Gala Mistrzów Sportu, czyli czego możemy się nauczyć od najlepszych sportowców 

07.01. 2018
Gala Mistrzów Sportu, czyli czego możemy się nauczyć od najlepszych sportowców 

Gala Mistrzów Sportu, czyli czego możemy się nauczyć od najlepszych sportowców 

W sobotę 6 stycznia odbyła się kolejna Gala Mistrzów Sportu. Oglądając ją i przypominając sobie historie genialnych sportowców, można wyciągnąć kilka użytecznych lekcji dla siebie. Oto na co ja zwróciłem uwagę podziwiając kilka wybitnych osobowości sportowych:

  • Kamil Stoch - zaimponował wieloma osiągnięciami natomiast jego poziom koncentracji i mentalna siła, którą pokazał podczas drugiego konkursu Turnieju Czterech Skoczni, gdzie kilka minut czekał w zimnie na swój skok na górze skoczni pod ogromną presją mediów i kibiców, są po prostu fenomenalne. Stoch pytany o sukces odpowiedział krótko: "W takich wypadkach to nie mięśnie, ale głowa jest problemem. Miło mi, że pomimo trudności udało mi się dzisiaj na tyle dobrze skoncentrować i znaleźć własną drogę do skoków". Nasz wybitny skoczek pokazuje, że koncentracja oraz mentalna siła są kluczem do sukcesu mimo wielu przeciwności jakie natrafiamy na drodze do realizacji celu. Warto pracować więc nad poprawą koncentracji i umiejętnością "wyłączenia" innych bodźców gdy koncentrujemy się na jednym trudnym celu.
  • Anita Włodarczyk - osiągnęła w sporcie wszystko. Ma na swoim koncie złoto olimpijskie (niejedno zresztą), mistrzostwo świata i Europy a dalej stawia sobie nowe, wielkie cele - chce pobić rekord świata w swojej dyscyplinie, nie rezygnuje ze sportu choć z każdym rokiem może być jej coraz trudniej przygotowywać się do występów na najwyższym poziomie. Anita Włodarczyk daje nam wartościową lekcję, że nawet jeśli osiągnęliśmy wiele, wydawałoby się wszystko co jest możliwe do zdobycia, warto dalej stawiać sobie nowe, ambitne cele, walczyć o kolejne marzenia a nie osiadać na laurach - na to zawsze jeszcze będzie czas w życiu.
  • Łukasz Kubot - grał bardzo dobrze w tenisowym singlu, jednak nie zdobył żadnego tytułu mistrzowskiego na najbardziej prestiżowych turniejach (a konkurował na nich z najlepszymi tenisistami globu). Nie poddał się i wrócił jako deblista zostając najpierw mistrzem wielkoszlemowego Australian Open a potem także prestiżowego Wimbledonu. Pokazał, że nie ma co odpuszczać i trzeba szukać innych sposobów osiągnięcia mistrzostwa - jak nie w singlu, to w deblu. A poza tym ciągle robi to, co kocha i to widać w jego grze. Wydaje się to oczywiste, ale jednak sami sobie możemy zadać pytanie czy rzeczywiście codziennie robimy to, co kochamy, co jest naszą pasją i wyciągnąć własne wnioski z odpowiedzi.

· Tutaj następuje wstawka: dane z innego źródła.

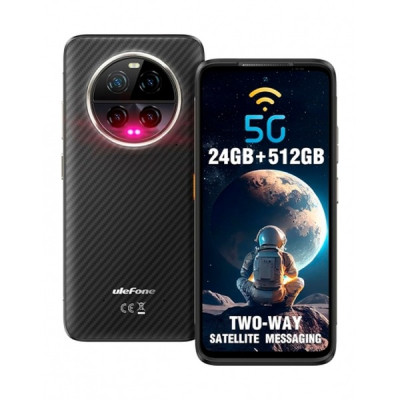 Мобільний телефон Ulefone Armor 23 Ultra 5G 12/512gb Чорний (1541) Мобільний телефон Ulefone Armor 23 Ultra 5G 12/512gb Чорний (1541)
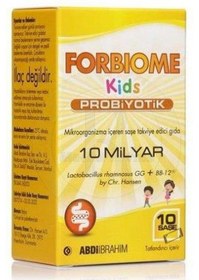 Resim Forbiome Kids Probiyotik Takviye Edici 10 Saşe 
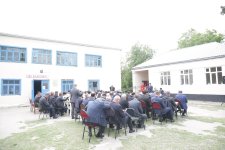 Xaçmazın Niyazoba kəndində növbəti səyyar qəbul keçirilib (FOTO)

To tylko trzy przykłady, było ich oczywiście znacznie więcej. Gala Mistrzów Sportu prezentująca największych mistrzów może dać nam wiele ciekawych inspiracji. Warto śledzić takie wydarzenia, no i oczywiście także same kariery tych wybitnych czempionów (tym bardziej, że wszyscy trzej mistrzowie nie powiedzieli jeszcze ostatniego słowa w swoich dyscyplinach).